In 1993, City Council began authorizing various commercial paper programs to provide appropriation capacity and cash for various needs of the City. The issuance of commercial paper has provided an expedient, cost–effective method of accessing cash and providing interim financing. The commercial paper notes are later refinanced to fixed rate bonds that match the useful life of the project or equipment being financed. This transaction represents the normal refunding of these commercial paper notes.

Commercial Paper Refunding

Series G, H-1, H-2, and J Commercial Paper: The Series G, H, and J commercial paper programs are used to fund appropriations and spending related to the 2001 and 2006 Voter Authorized bond election and to support drainage initiatives.
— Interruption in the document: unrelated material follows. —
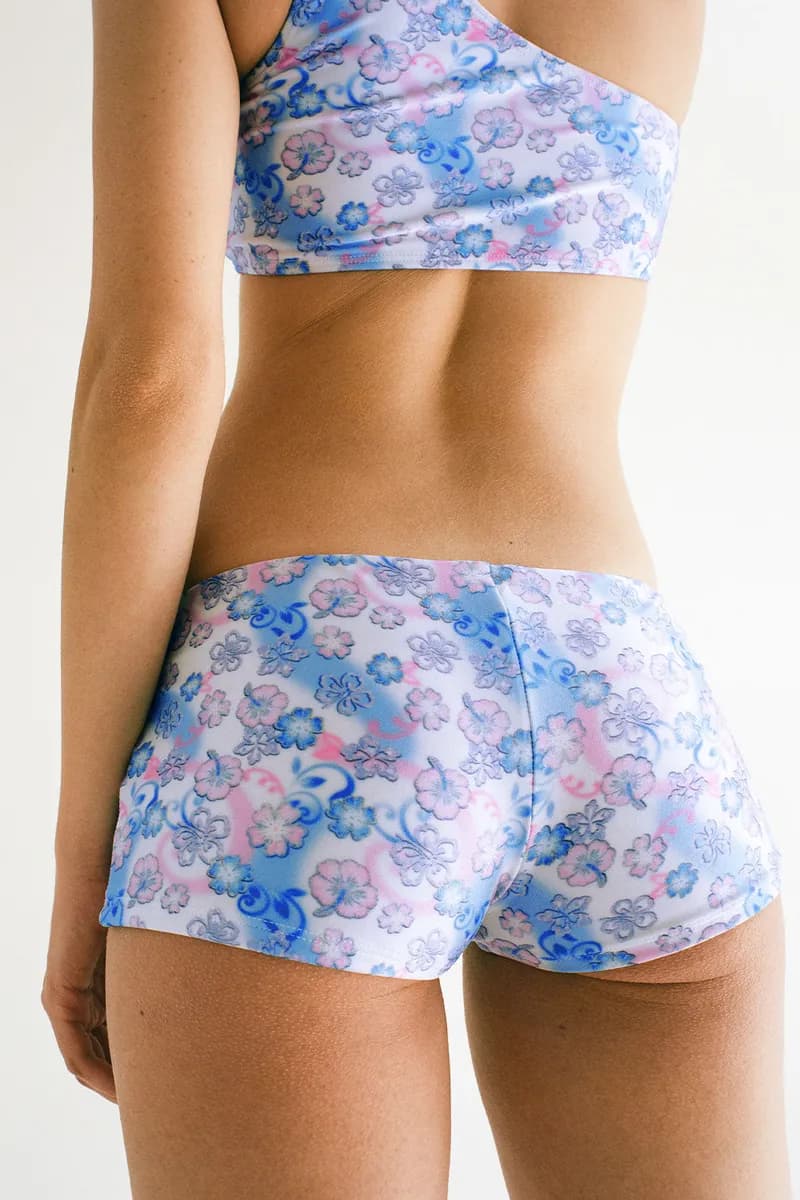 Blue Crush Floral Boy Short - Iris — image 1 of 1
The proposal is to refund up to $200 million of the outstanding notes, thereby restoring that capacity in the commercial paper program.
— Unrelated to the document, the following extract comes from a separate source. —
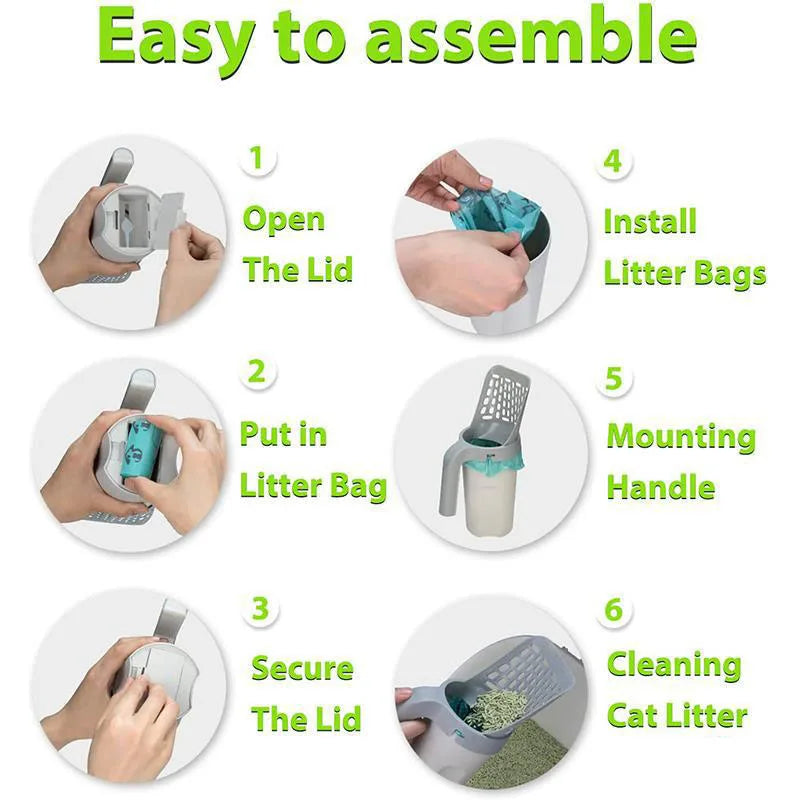 QuickClean Cat Litter Scoop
Series E Commercial Paper: The Series E commercial paper program is used to support the Equipment Acquisition Fund (EAF), which is used to acquire the majority of capital equipment for General Fund Departments. In addition, the Series E commercial paper program has been used for various incidental acquisitions and funding needs that require short term funding until these acquisitions can be converted to traditional fixed rate bonds. The proposal is to refund up to $100 million of outstanding Series E commercial paper notes.
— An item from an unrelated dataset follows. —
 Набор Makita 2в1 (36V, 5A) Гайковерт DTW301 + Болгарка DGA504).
Potential Current and Advance Refundings

The FWG is also reviewing current outstanding debt for refunding opportunities. Assuming conducive market conditions, the FWG will propose to City Council current refundings that results in positive present value savings and advance refundings that results in at least 4% present value savings.

The following table summarizes individual elements of the proposed transaction with projected amounts:

PIB Series 2010

Component being Refunded / Up To / Use
Refund CP Series G, H, J / $200,000,000 / CIP/Drainage
Refund CP Series E / $100,000,000 / EAF - Reimbursable

Total $300,000,000

Current/Advance Refundings / $350,000,000
Total / $650,000,000
A portion of the commercial paper refunding may be issued as taxable Build America Bonds (whereby the City, as issuer, would receive a subsidy payment from the federal government equal to a percentage of the interest paid to holders of the Build America Bonds). This allocation to Build America Bonds does not affect the total amount of this deal.
The Finance Working Group recommends the PIB Series 2010 be issued through a negotiated financing with Barclays Capital, Jefferies & Company, Inc., and Siebert Brandford Shank serving as co-senior managers along with Cabrera Capital Markets, Inc., Citigroup Global Markets and Hutchinson Shockey Erley & Co. as co-managers. Fulbright & Jaworski and Cochran Baker Williams & Mattiesen LLP are recommended as co-bond counsel along with Bracewell & Giuliani LLP and Law Offices of Francisco G. Medina as co-disclosure counsel. First Southwest Company would serve as financial advisor under its existing contract with the City, along with co-financial advisor TKG & Associates.
Recommendation

The Finance Working Group recommends that the City proceed with this transaction.